PROBLEM: Give back every line of the material exactly. Skip the pictures.

SUPPLIED MATERIAL:
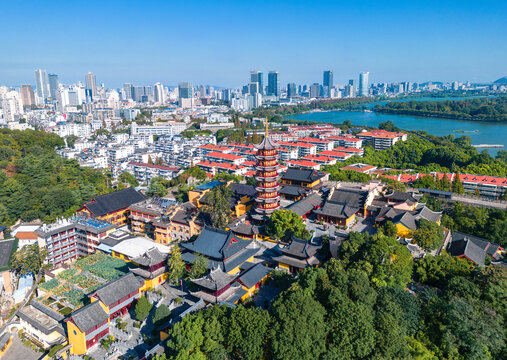 南京市古鸡鸣寺航拍风光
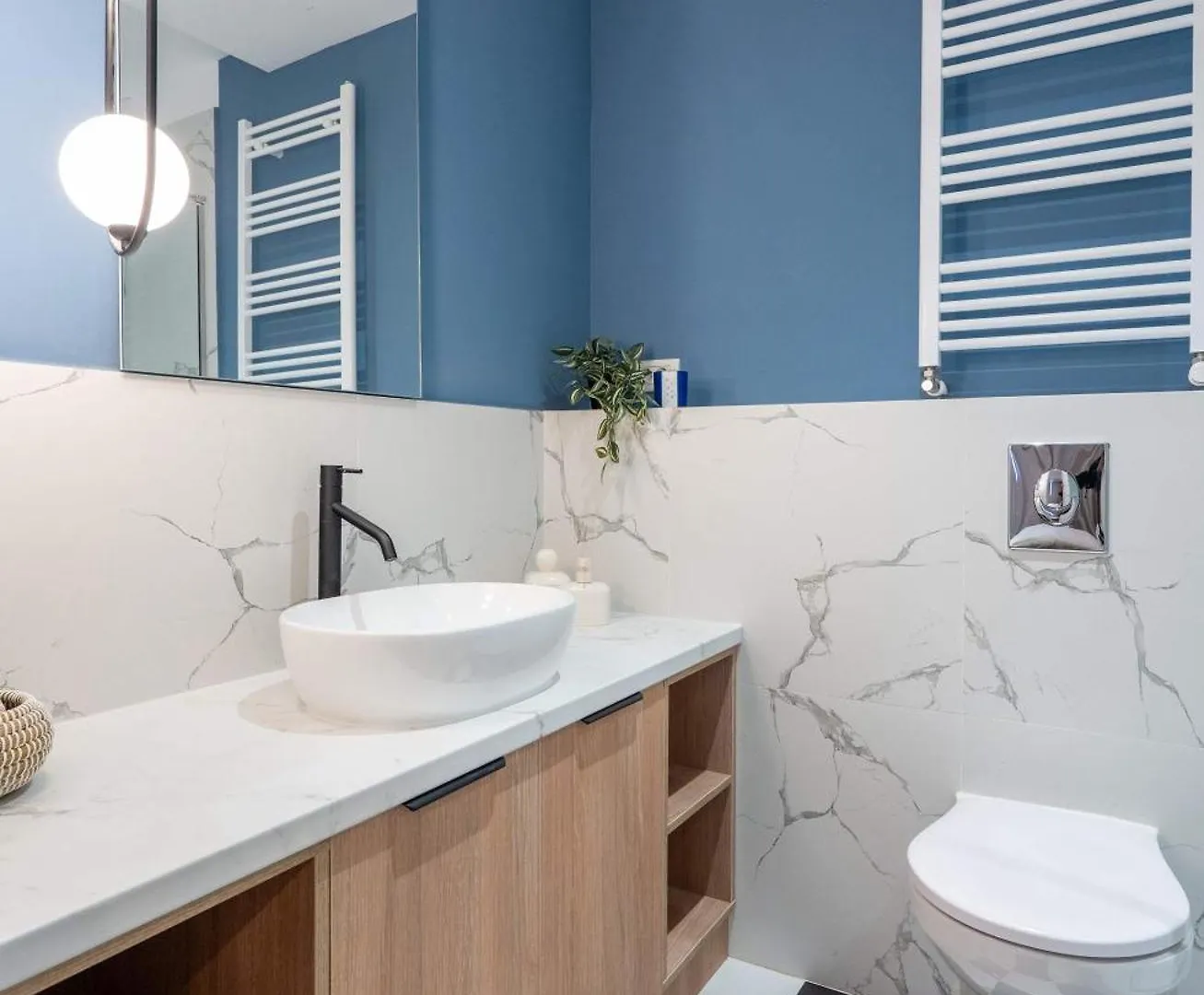 Spacious 3Br By Cismigiu Gardens & Calea Victoriei Bucharest Romania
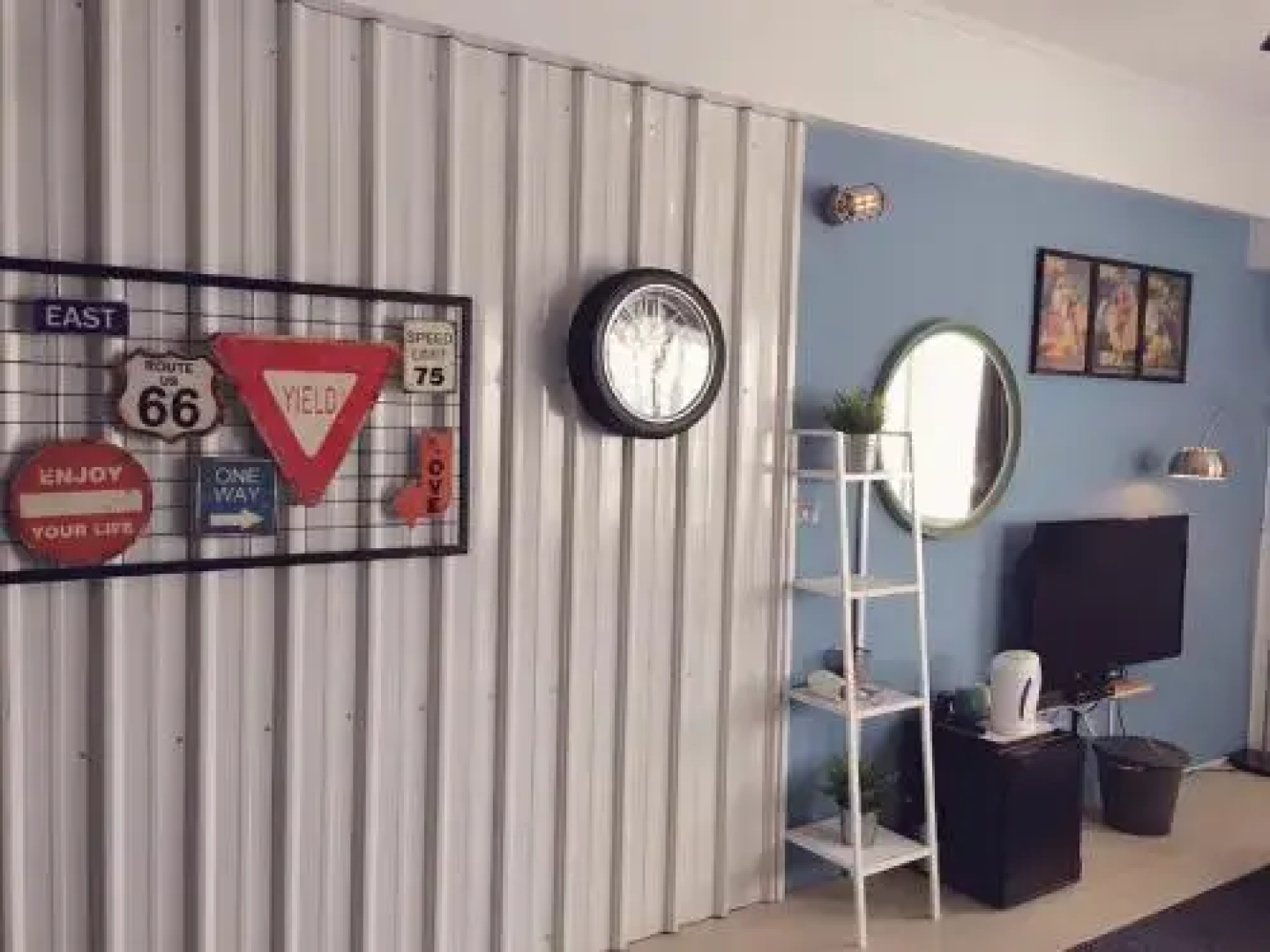 Enjoy Life Youth Hotel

TASK RESULT:
 南京市古鸡鸣寺航拍风光
 Spacious 3Br By Cismigiu Gardens & Calea Victoriei Bucharest Romania
 Enjoy Life Youth Hotel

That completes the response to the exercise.